If it were me, I would offer two functions:
validate
which takes in a const instance and throws a validation error like it does now (or returns an error list, which would be nice, but the subject of a different feature request)validate_and_fill
which validates and fills in defaults along the wayYou can have a separate fill
function instead, but it's probably easier to code if you fill while you validate instead of having to abstract the code to either fill or validate. Not sure, haven't looked at the code.
Thanks for the consideration!
Do you have a concrete use-case as an example for these 4 options?
Two of the cases (without defaults) are already covered by what the library currently does (the instance isn't changed). The use case for the other two (with defaults) is what we've discussed here: fill in missing values with the default. This is exactly what anyone would realistically want to do (currently manually) if they were specifying defaults in the schema. Otherwise, why specify a default?
What I meant with concrete examples is real world examples.
My proposal:
The validator [or maybe another instance] may create a JSON Patch that gives the operations needed to fill-up the original json which default values. It could be the return value of the validate
call.
Then, the user can feel free to apply that patch or simply inspect the patch.
In general, my use case for the default values would be, that the json holds a configuration and the possibility to get the default values would be an easy way to create a config from the scratch.
One more idea:
Adding a kind of default generator
in the way that it creates a json from the scratch using the schema with its defaults. After having a default json the user could diff it with a different json (in my case the config). The resulting patch may contain add operations. Those add operations are the ones that fill up the json (my config) with default values.

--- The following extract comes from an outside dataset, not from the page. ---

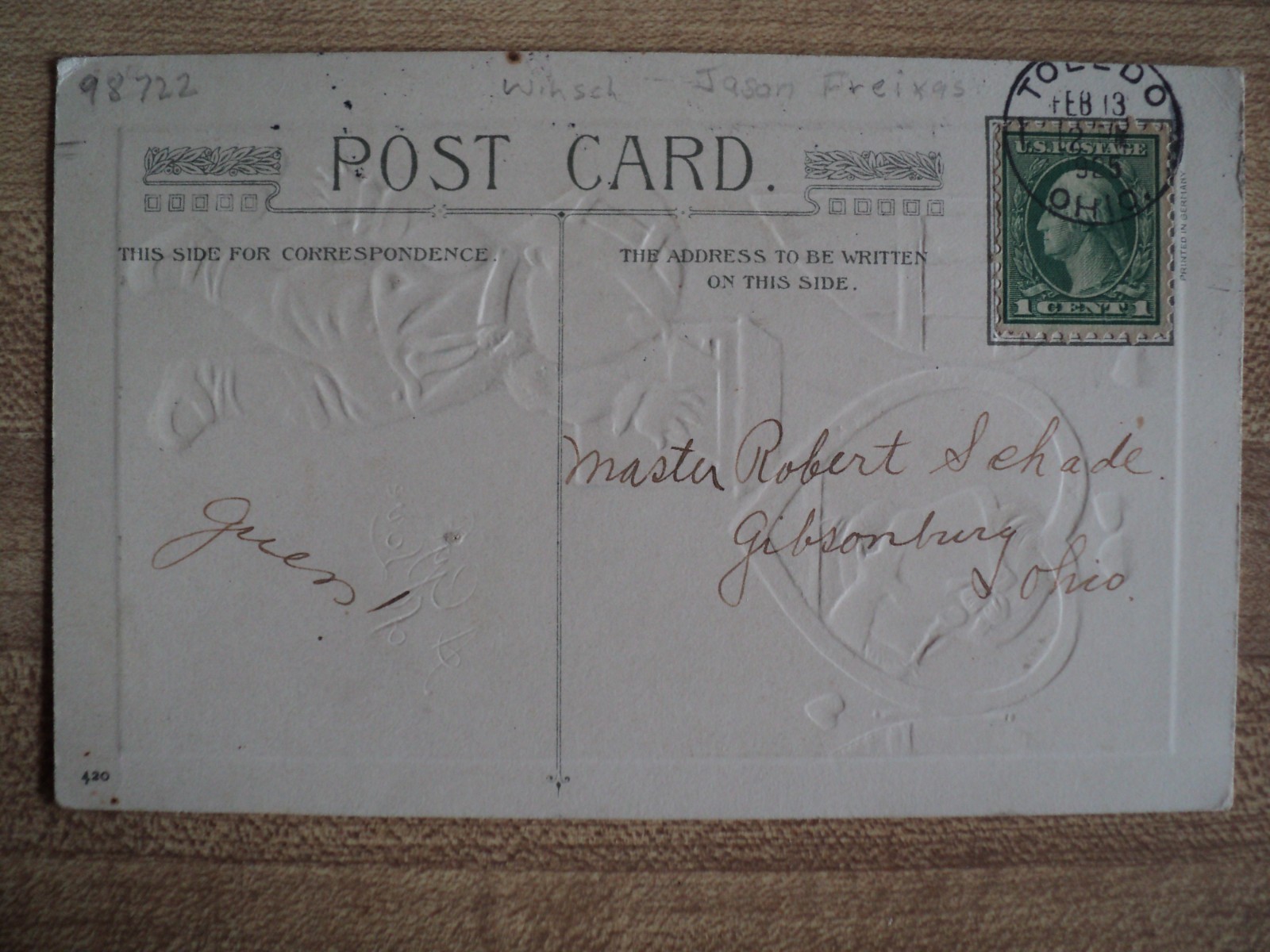 VALENTINE’s Day Boy puts Card in Mailbox vintage Winsch 420 embossed Postcard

Doing this way would not need to change the interface of validate and only needs the default generator
.
Take a look at:
{
"type": "object",
"properties": {
"street_address": {
"type": "string"
},
"country": {
"enum": ["United States of America", "Canada"],
"default": "Canada"
}
},
"if": {
"properties": { "country": { "const": "United States of America" } }
},
"then": {
"properties": { "postal_code": { "pattern": "[0-9]{5}(-[0-9]{4})?" } }
},
"else": {
"properties": { "postal_code": { "pattern": "[A-Z][0-9][A-Z] [0-9][A-Z][0-9]" } }
}
}
In this schema, the default value has an direct impact on the validation of postal codes. I think, for that reasons, the validator should take the default value into account.

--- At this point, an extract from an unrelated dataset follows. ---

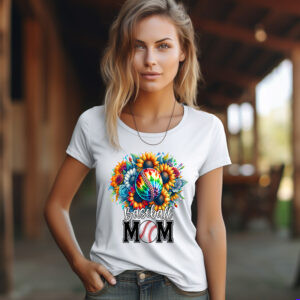 Woman wearing a t-shirt featuring a colorful Baseball Mom sublimation design with rainbow baseball and sunflowers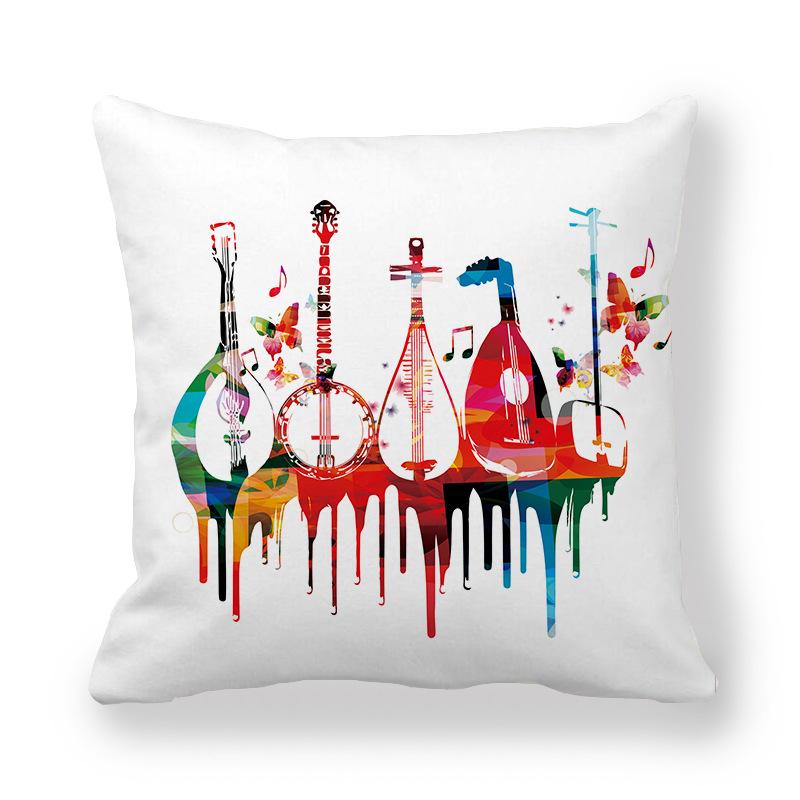 Guitar Butterfly Decorative Pillowcase Home Music Decoration Bedroom Living Room Sofa Pillowcase Music Note Cushion Cover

In this schema, the default value has an direct impact on the validation of postal codes. I think, for that reasons, the validator should take the default value into account.
Even it would make sense to me, it is not specified that way.
For the validator, country
actually defaults to null
.
I expected this issue to be closed by #89 :thinking:
To have github close an issue automatically I think it needs to be in the commit's subject "Fix #25". As I squashed all of your commits, this info was lost.
Let's close it manually then.
It would be really neat if, in the process of validation, the validator could (optionally) fill in missing values with their defaults if provided in the schema. The logic might look something like this:
This logic validates the element when it is entered or when it's replaced by a default value (unless it's either required or there is no default) which lets you validate your schema default values as well.
(Alternatively, default value validation could take place when the schema is added to the validator object, which is probably a good idea, but more work than using the above logic as a stop-gap that lets library users validate their default values by writing a test that simply does not supply them and expects the validation to pass.)